Dataset content:
Start of Block
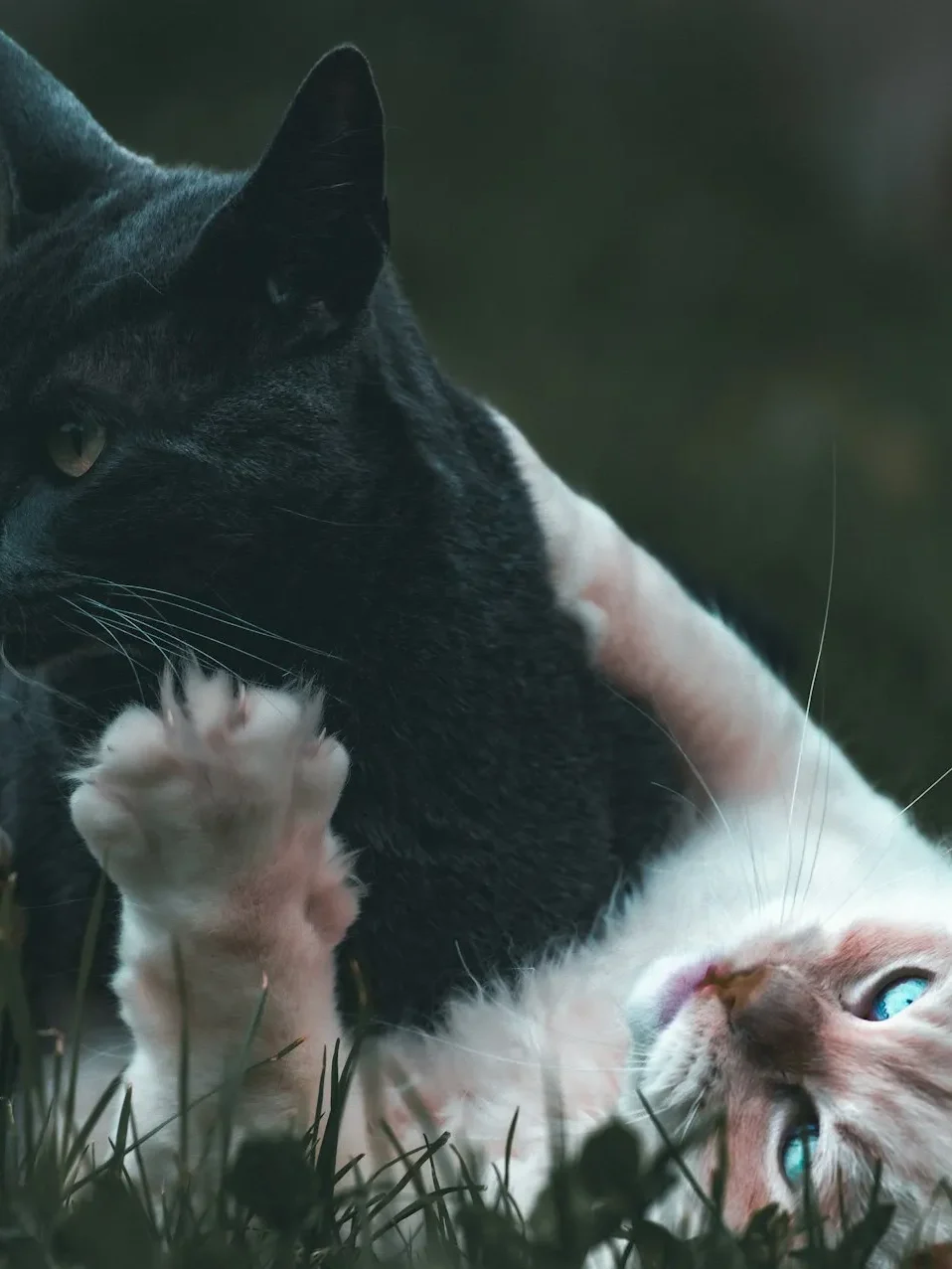 25 curiosidades más sobre los gatos – Parte 4 12 gatos distintos 11zon edited gatos-distintos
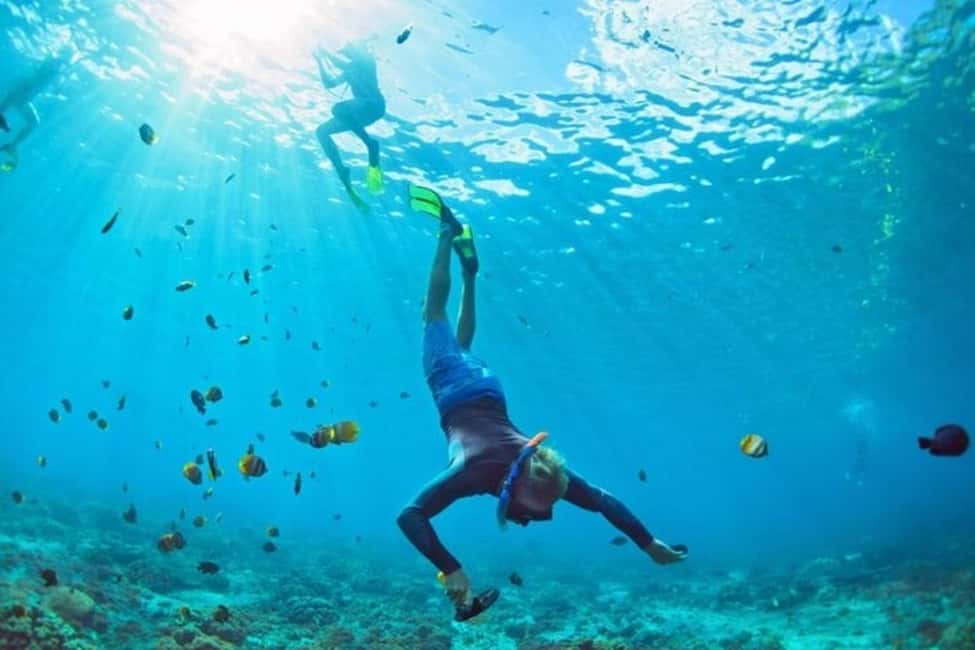 Immagine nº 7 di Mascate: tour di snorkeling e osservazione dei delfini attività a Mascate, caricata dal fornitore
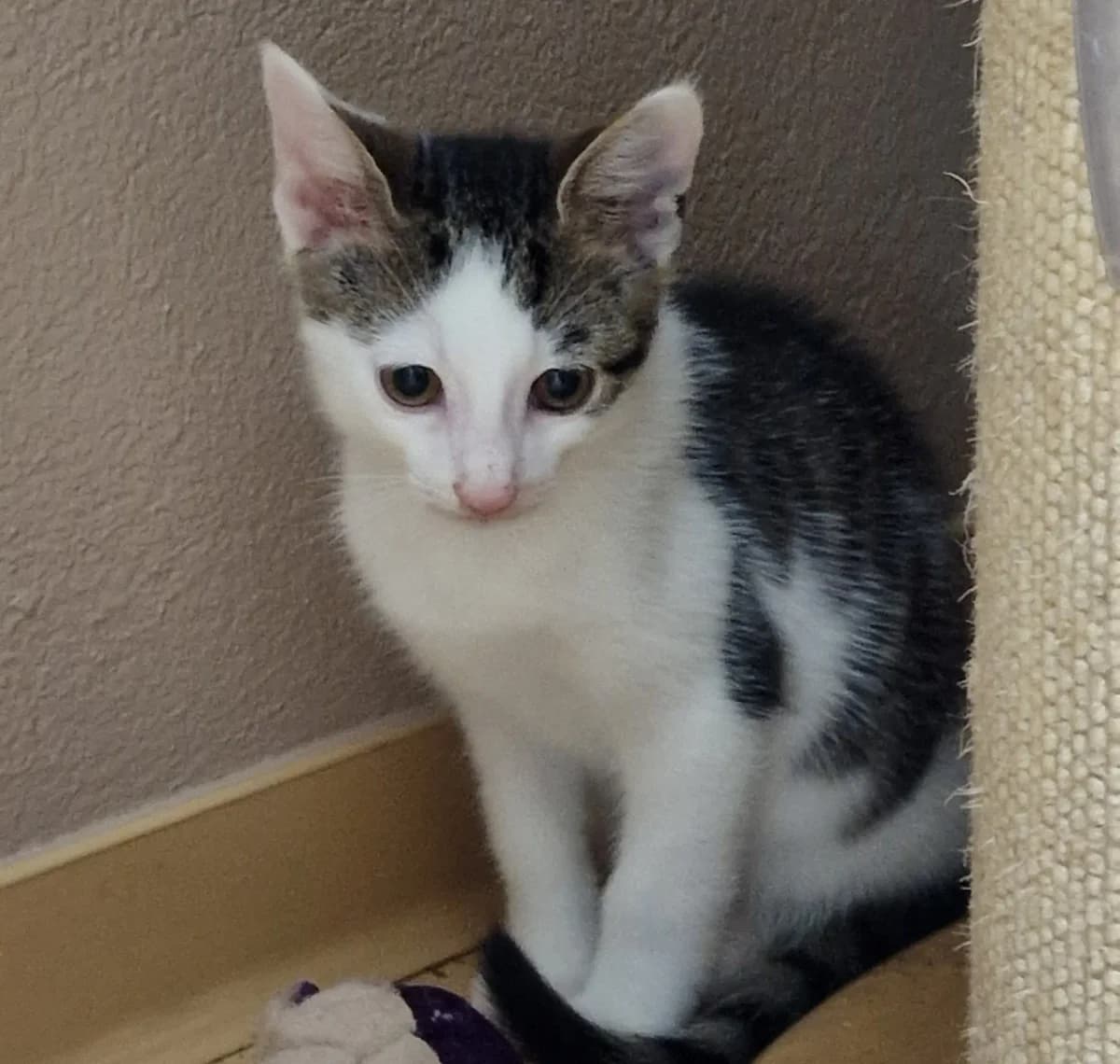 Paddy, male senior Mixed Breed for adoption at Tierheim Schleswig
End of Block
The task: Copy only this, please: the line with "Immagine nº 7" and every line after it through the end of the data, with no pictures.

Task output:
 Immagine nº 7 di Mascate: tour di snorkeling e osservazione dei delfini attività a Mascate, caricata dal fornitore
 Paddy, male senior Mixed Breed for adoption at Tierheim Schleswig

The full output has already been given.